* **Problem details**
Print exactly the lines that run from the first line of the material to the line containing "Illustration of red", both ends included, and skip the pictures.

* **Recorded data**
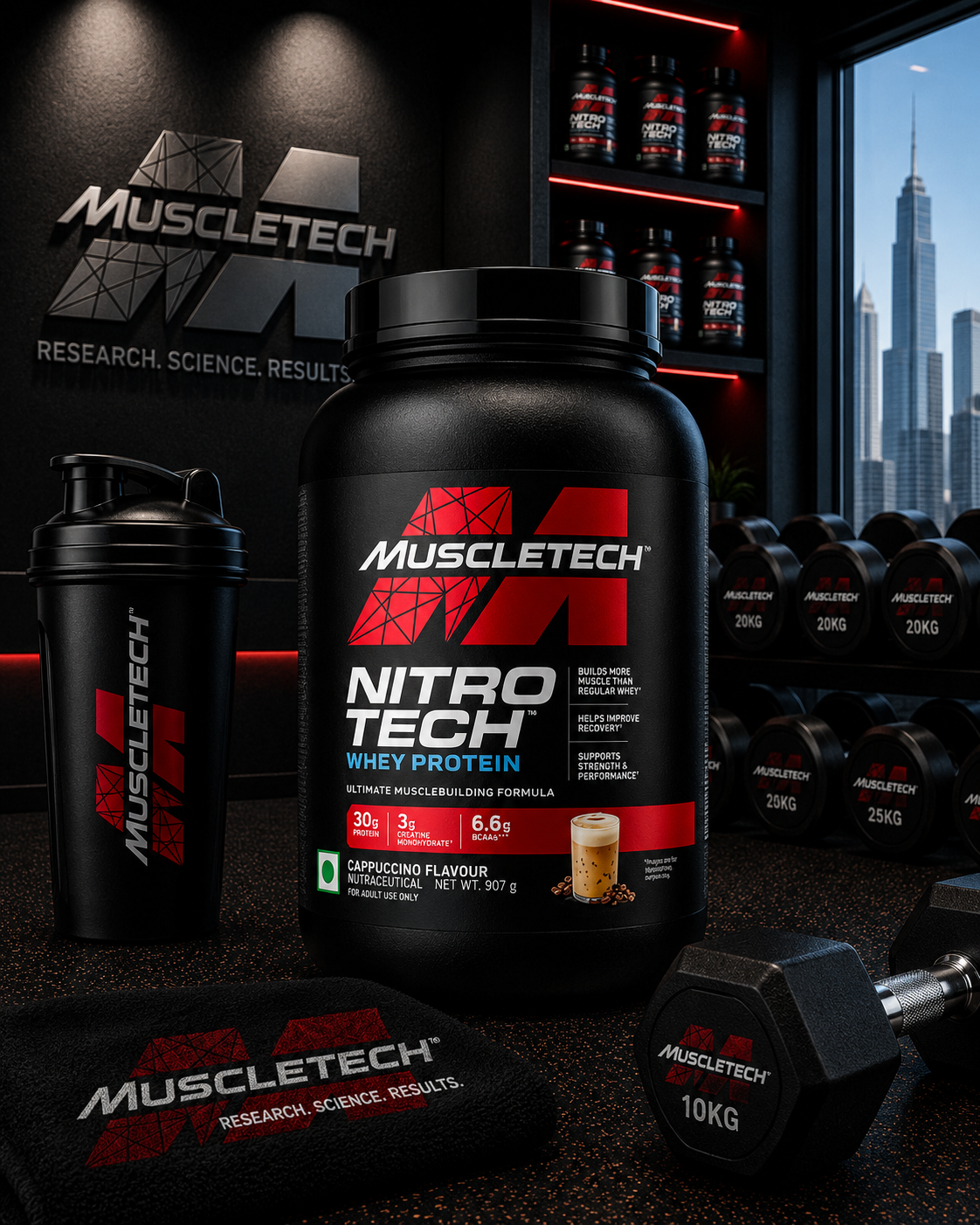 MuscleTech Nitro-Tech Whey Protein I 907g I Cappuccino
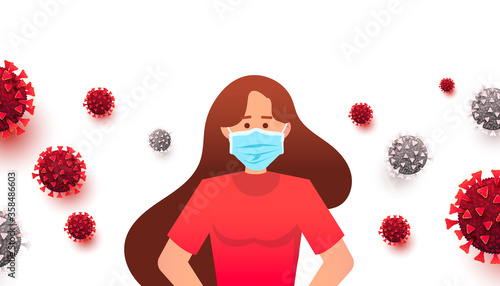 Woman wearing medical mask to prevent disease, flu, air pollution, contaminated air, world pollution. Vector illustration in flat style, coronavirus 2019-nCoV
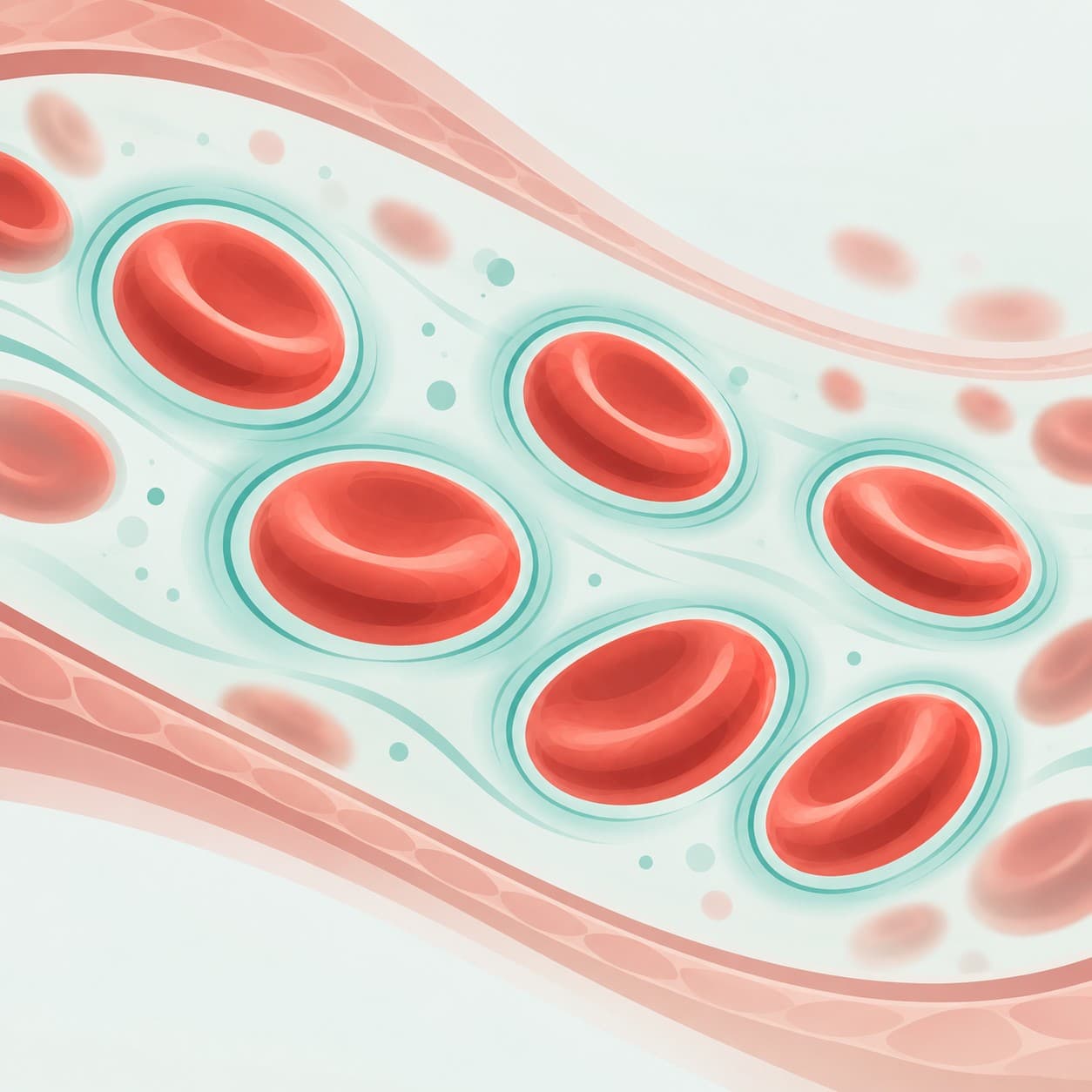 Illustration of red blood cells evenly spaced apart, each surrounded by a soft repelling halo, representing zeta potential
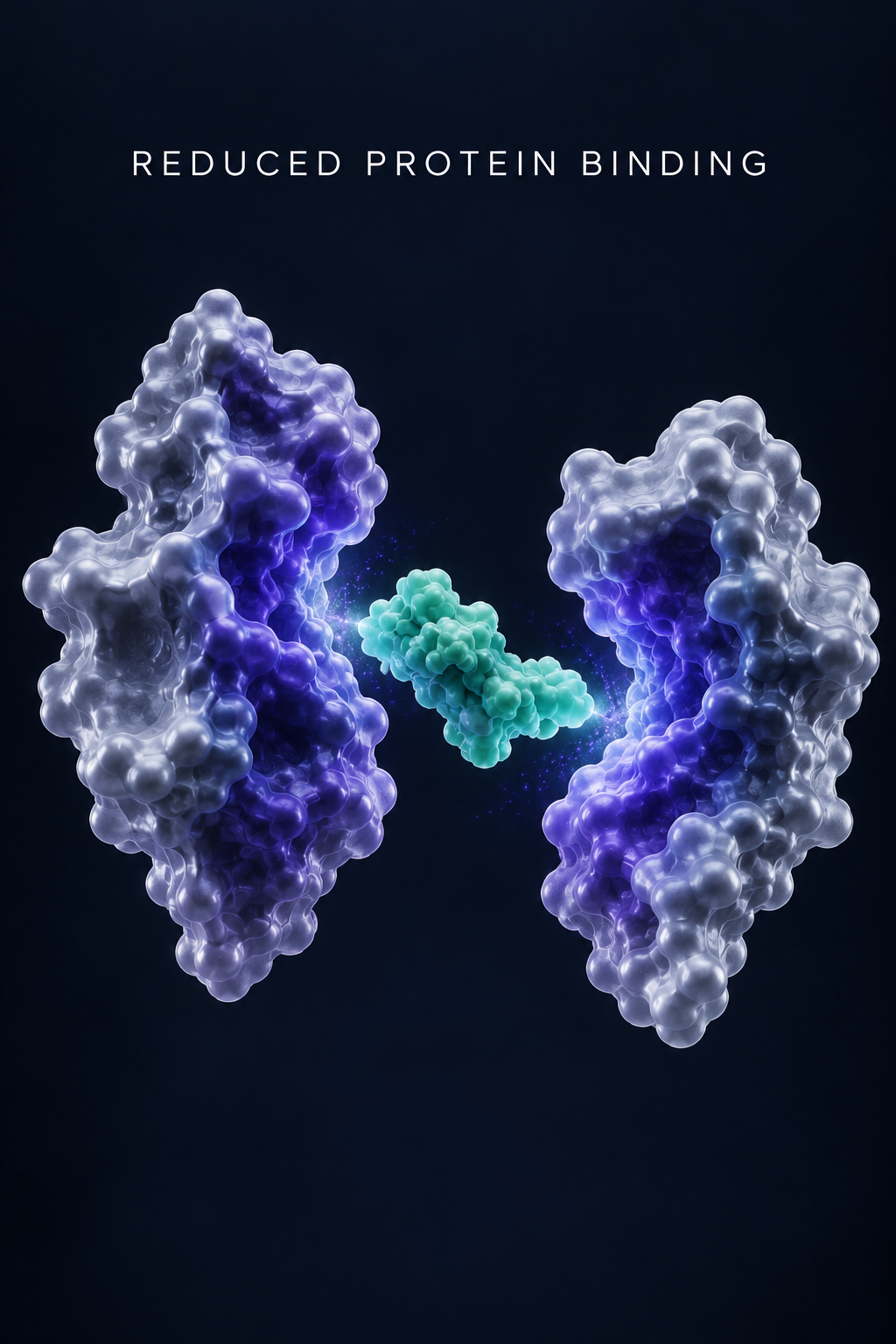 Illustration of molecular structures with the text "Reduced Protein Binding" at the top.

* **Final answer**
 MuscleTech Nitro-Tech Whey Protein I 907g I Cappuccino
 Woman wearing medical mask to prevent disease, flu, air pollution, contaminated air, world pollution. Vector illustration in flat style, coronavirus 2019-nCoV
 Illustration of red blood cells evenly spaced apart, each surrounded by a soft repelling halo, representing zeta potential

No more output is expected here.